Bawaslu, sesuai dengan kewenangannya sebagai pengawas pemilu melakukan pengawasan atas penyelenggaraan pemilu. Kami misalnya terus berkoordinasi dengan Polri berkaitan dengan laporan pelanggaran yang terjadi.
Sedangkan untuk penyelenggaraan pemilu dan proses-proses pentahapannya, tentu adalah kewenangan KPU. KPU yang harus bertanggungjawab.
Semua orang mungkin merasa sudah berupaya keras. Tapi apakah sudah menggunakan kewenangannya secara tepat, itu bisa diperdebatkan.
Peserta pemilu merasa ada masalah. Semua pihak seperti yang terlihat di media massa cetak dan elektronik memperlihatkan ada masalah. Bahkan media Kompas hari ini (17/4/2009) secara eksplisit memuat pernyataan presiden yang berkaitan dengan penyelenggaraan pemilu oleh KPU. Ini berarti menunjukkan memang ada masalah. Kembali lagi, kalau para pihak merasa ada bermasalah, berarti ada yang harus bertanggungjawab. Pertanggungjawaban itu sesuai dengan kewenangan yang tertulis dalam Undang-undang No 22 tahun 2007. Begitu juga sesuai dengan konstitusi bahwa siapa yang harus bertanggungjawab terhadap penyelenggaraan pemilu secara umum, lihat saja dalam Undang-undang Dasar 1945.
Menyongsong Pemilu Presiden & Wakil Presiden
Lepas dari masalah pasca pemilu legislatif yang sudah berlangsung, maka kita harus segera berkonsentrasi juga pada Pemilu Presiden dan Wakil Presiden yang akan datang. Bila sistem pengelolaan daftar pemilih masih seperti sekarang ini, saya yakin tidak akan mengubah apapun. Tidak akan memberbaiki keadaan apapun.
September 2008 lalu di depan Komisi II DPR RI kami sudah tegaskan, persoalan ini sungguh berat. Persoalan ini akan berbuntut masalah yang besar. Sudah kami ingatkan kepada semua pihak di depan Komisi II pada waktu itu. Tapi KPU kayaknya merasa aman-aman saja. Kalau sekarang menyalahkan pemerintah, misalnya. Dari dulu saya tidak melihat ada
declare apapun atas soal itu pada pemerintah. Baru sekarang.

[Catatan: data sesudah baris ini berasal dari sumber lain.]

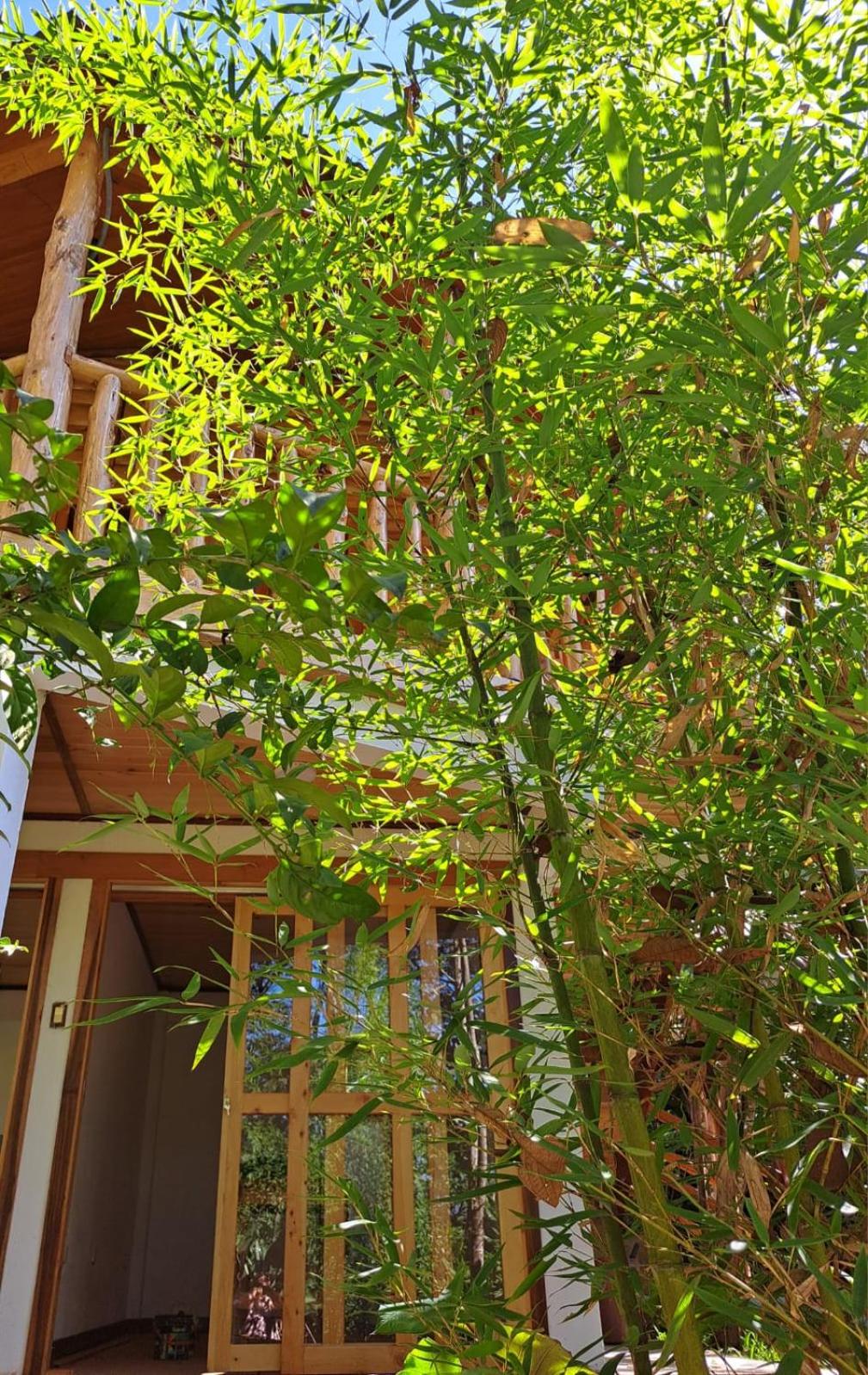 Refugio de Orquídeas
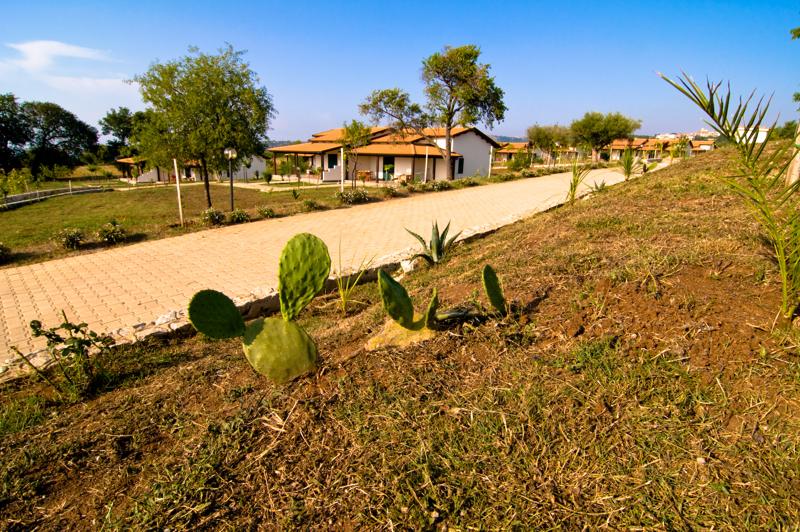  D3C_1708.jpg </br ><small> 2008-06-29 18:03</br >NIKON D300 12mm 1/250s f/11 ISO 200</small>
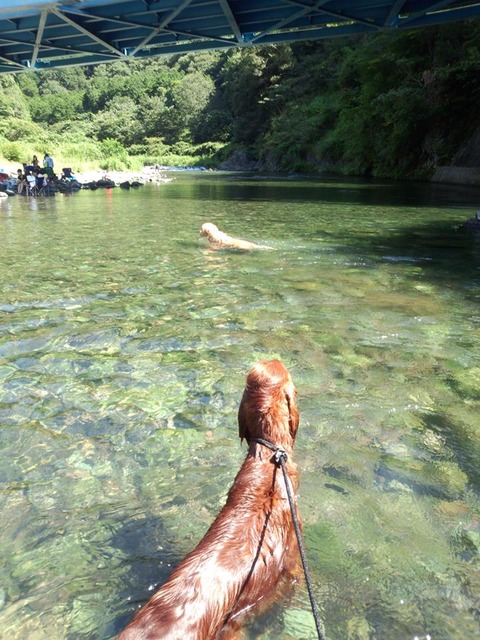 2014.8.29パン君1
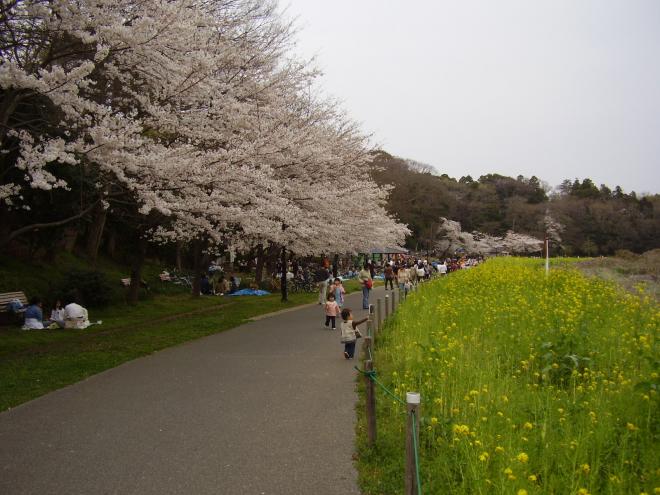 お花見広場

Persoalan ini seharusnya mendapatkan perhatian sejak awal, namun ditanggapi secara defensif oleh KPU. Sekarang disadari ada masalah. Masalah yang muncul sifatnya bukan parsial. Jadi kalau sistem penanganannya masih akan seperti sekarang ini, akan sangat mungkin terulang lagi masalah-masalah seperti sekarang ini. Padahal pendaftaran pemilih untuk Pemilu Presiden dan wakil Presiden berbasis pada daftar pemilih dari Pemilu Legislatif kemarin.
Tapi memang kompleks situasi pada saat itu; Administrasi keuangan tidak paralel dengan tahapan-tahapan pemilu. Saat itu juga baru musim pemilihan kepala daerah dan wakil kepala daerah, sehingga konsentrasi KPU terpecah. Berikutnya, daftar kependudukan yang disampaikan oleh pemerintah kurang
favorable, sehingga ketika ada kesempatan bagi peserta pemilu untuk memperbaiki dan mengusulkan nama-nama yang memang seharusnya masuk daftar pemilih, harusnya segera dilaporkan tapi tidak dilakukan. Plus, pada saat itu Bawaslu belum terbentuk. Kenapa? Karena tim seleksi yang dibentuk KPU juga terlambat. Jadi, kesalahan ini sebenarnya adalah kesalahan kolektif.